|Who Am I in This Crowd? |
40" X 45" Acrylic, Ink & Pastel on Canvas
I'm not going to sit around and bellyache about my childhood or blame other people for this or that. At this point, I'd just like to say that I have an internal struggle. It's fierce and fiery; it has caused me personal issues for as long as I can recall. It began early in my life.
So why faces now? Well, my brother died on July 2nd. He was the one person who acutely understood my internal struggle because he shared it in a specific way that always made me feel less lonely, more understood, and more hopeful. He always seemed to hold it together when I was internally falling apart. Now, I'm still here and he is gone. Let's just say ... he didn't make it out alive. But I am going to. I'm determined; I have started to work harder at it than I ever have, to sort out my own identity once and for all.

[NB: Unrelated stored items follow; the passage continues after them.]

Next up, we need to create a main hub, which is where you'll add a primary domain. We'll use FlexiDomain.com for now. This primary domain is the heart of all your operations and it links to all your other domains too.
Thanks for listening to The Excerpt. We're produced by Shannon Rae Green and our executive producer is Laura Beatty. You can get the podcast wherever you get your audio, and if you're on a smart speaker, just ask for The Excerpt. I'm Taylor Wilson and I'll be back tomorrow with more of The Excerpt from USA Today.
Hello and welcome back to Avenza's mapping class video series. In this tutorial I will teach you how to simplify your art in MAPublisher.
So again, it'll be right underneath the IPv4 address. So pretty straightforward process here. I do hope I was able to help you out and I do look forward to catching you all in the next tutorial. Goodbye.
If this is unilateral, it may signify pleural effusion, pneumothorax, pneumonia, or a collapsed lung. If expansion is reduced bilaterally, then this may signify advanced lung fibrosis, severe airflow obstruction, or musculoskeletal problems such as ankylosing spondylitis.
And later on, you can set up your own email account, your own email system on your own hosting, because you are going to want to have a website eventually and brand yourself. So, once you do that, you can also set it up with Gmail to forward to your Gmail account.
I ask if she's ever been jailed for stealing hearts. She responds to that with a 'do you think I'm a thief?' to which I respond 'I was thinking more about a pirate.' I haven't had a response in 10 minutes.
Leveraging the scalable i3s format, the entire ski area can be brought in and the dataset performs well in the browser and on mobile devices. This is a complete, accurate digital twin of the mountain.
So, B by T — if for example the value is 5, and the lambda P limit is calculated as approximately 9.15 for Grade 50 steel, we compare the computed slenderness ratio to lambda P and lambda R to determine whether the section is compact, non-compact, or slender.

Toward the end of 2012, I began to feel that I could find faces within the canvas, create faces with my fingers (that's how I paint), that I can believe in. So I began to do more faces in the fall. Once the new year hit, I knew my path. I finished two pieces, False Dichotomy and She Escapes Me, and then decided to do a larger piece with more faces. It would be a way to experiment more quickly.
I usually begin with a concept in mind. It could be a loose image, a color element, or an emotion. Then I build on it until it sort of reveals itself to me. It eventually tells me what it wants to be. Of course, I realize it's my own subconscious, but that is the beauty of it. I use the work to understand myself, in that way, rather than understand myself and then paint something about it.

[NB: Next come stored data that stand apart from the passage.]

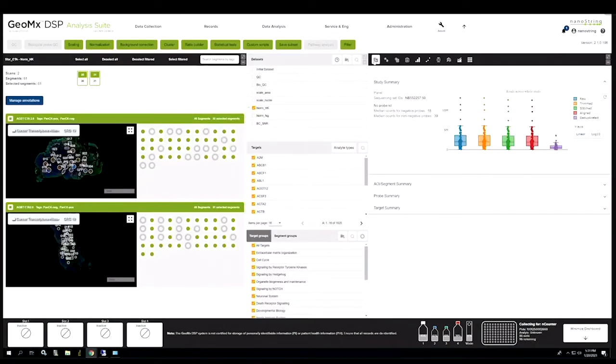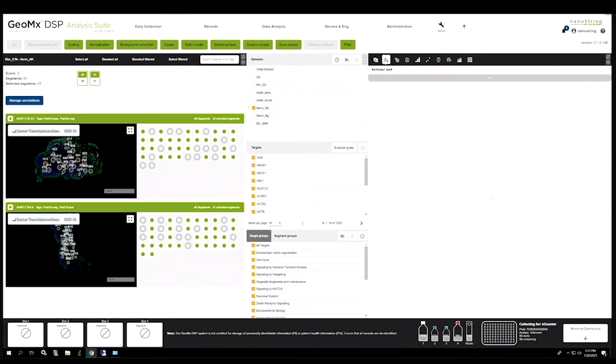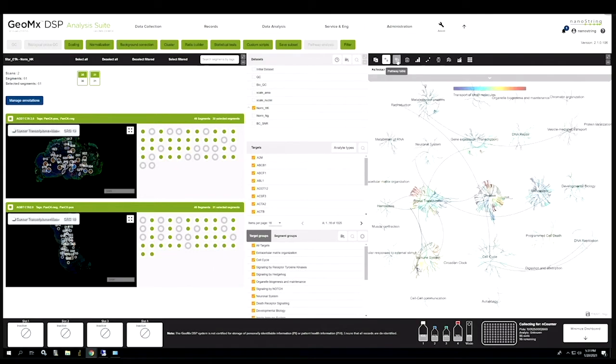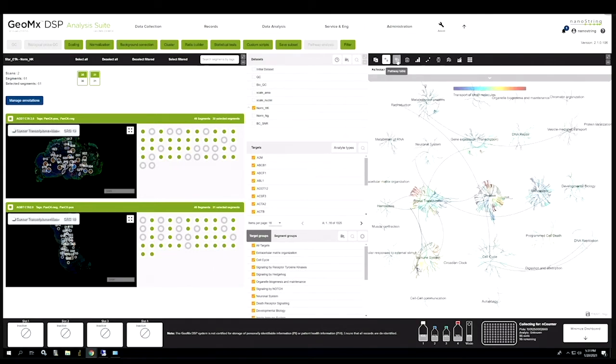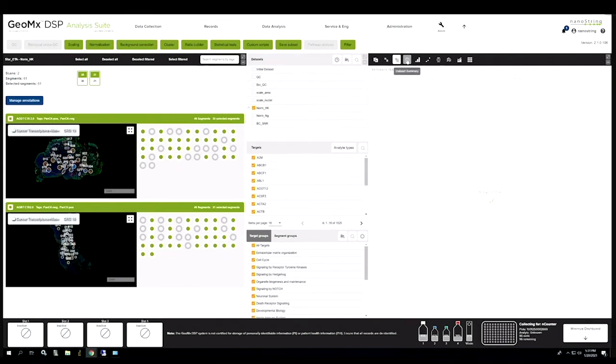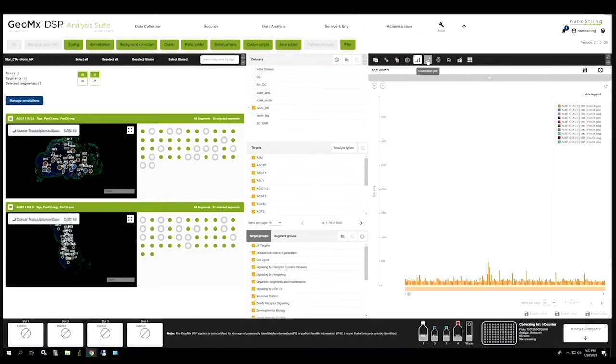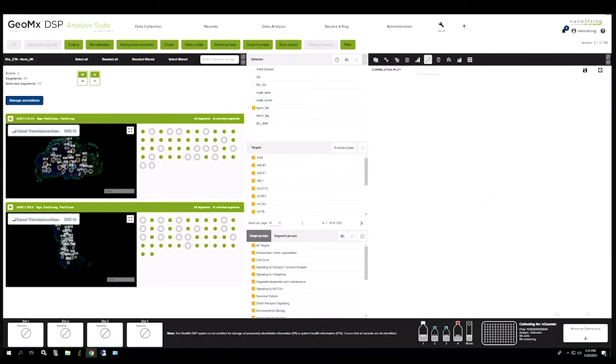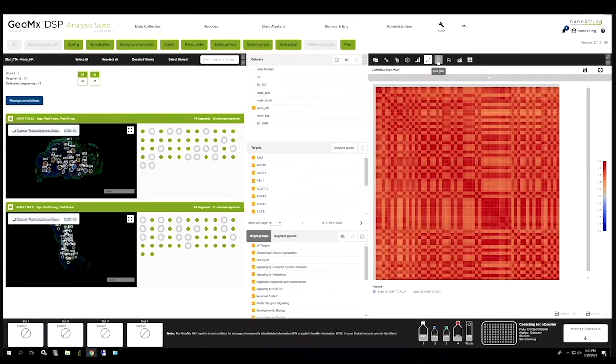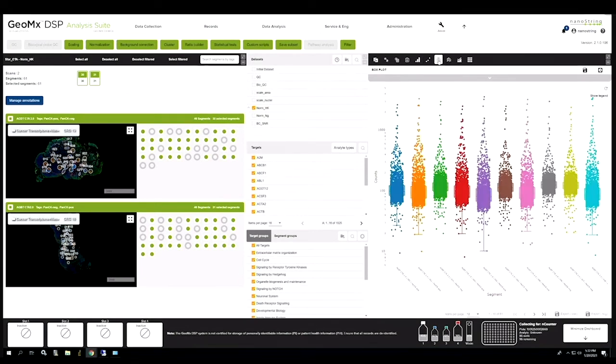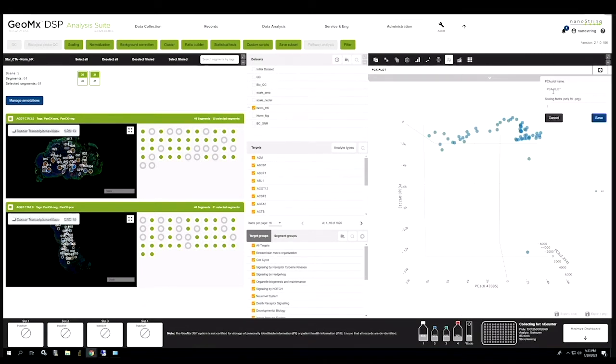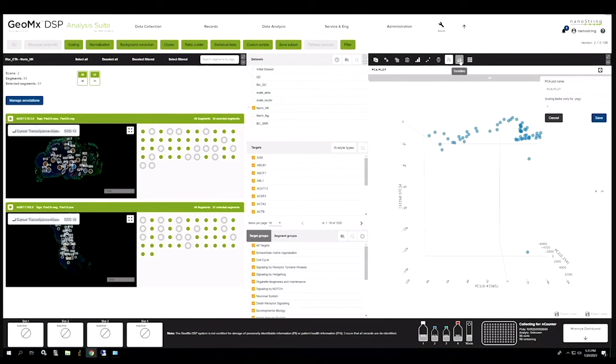Once you normalize the data you can see in your visualizations pane different graphs, including pathway maps, pathway tables, bar graphs, correlation plots, box plots, PCA plots, trend lines, and we can view heat maps.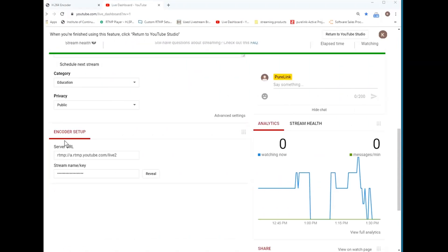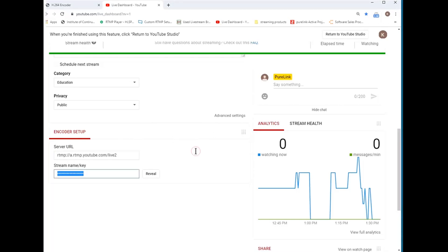Next, go to your YouTube Live dashboard. Locate the server URL and the stream name key.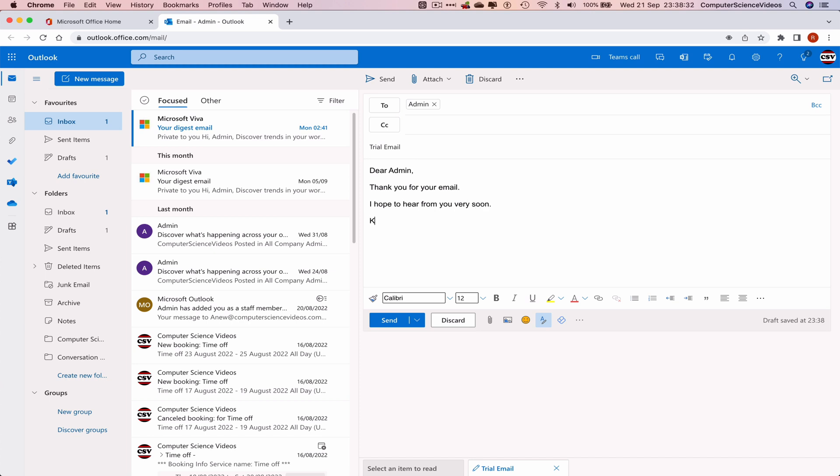Sign off with 'Kind regards,' your name (Admin), and organization (Computer Science Videos).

I began Who Am I in This Crowd? with three faces. Early on I painted a man and a woman and a disapproving sort of face to the top right looking down toward them, and I wondered if I was painting about my marriage, and the people who meddle in it in various ways. As I continued, driven by my visual and emotional instincts, more faces began to emerge, each one different, each one capturing a glint of personality. As I painted on, I found myself wondering which one was me, not necessarily based on how they looked, but instead based on the flash of humanity I saw in them, that I created and then found.

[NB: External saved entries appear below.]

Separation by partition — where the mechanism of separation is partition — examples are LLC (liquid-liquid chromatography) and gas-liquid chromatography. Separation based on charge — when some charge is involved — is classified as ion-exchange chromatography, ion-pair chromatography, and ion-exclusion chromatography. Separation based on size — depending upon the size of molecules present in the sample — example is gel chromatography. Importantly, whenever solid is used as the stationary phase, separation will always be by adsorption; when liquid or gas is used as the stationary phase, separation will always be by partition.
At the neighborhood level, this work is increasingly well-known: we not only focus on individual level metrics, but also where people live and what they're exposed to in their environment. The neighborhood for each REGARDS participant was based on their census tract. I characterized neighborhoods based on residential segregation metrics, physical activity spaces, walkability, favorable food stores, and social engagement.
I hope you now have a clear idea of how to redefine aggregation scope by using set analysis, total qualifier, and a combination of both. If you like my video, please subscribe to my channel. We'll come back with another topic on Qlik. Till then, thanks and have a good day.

So I kept painting until I was finished. Near the end, I began thinking about a title and trying to figure out what the piece meant to me. What it was telling me. I thought a lot about naming it People Who Need People, but I knew that wasn't right. The morning after I finished, I was getting ready for work, thinking about it. Suddenly, with a certain type of passion, I asked myself, "Who am I in that crowd?"
And I knew that was it. I realized that the whole thing was indicative of what I'm going through, how I'm struggling to understand, once and for all, who I am as an individual in the mix of all the unique people around me. I see their individuality and I want my own. I don't want to take on theirs. I don't want the burden of feeling that it's my job to smooth things over with everyone in every situation. I don't want to feel that they are right, and I am most certainly wrong, that they are all surely better, smarter, wiser, more talented, kinder, gentler. That they know what is best for me.
Maybe you relate to this; maybe you don't.
When I look at the piece, it makes me search. I search the faces and look for myself. I am there somewhere. I just know it.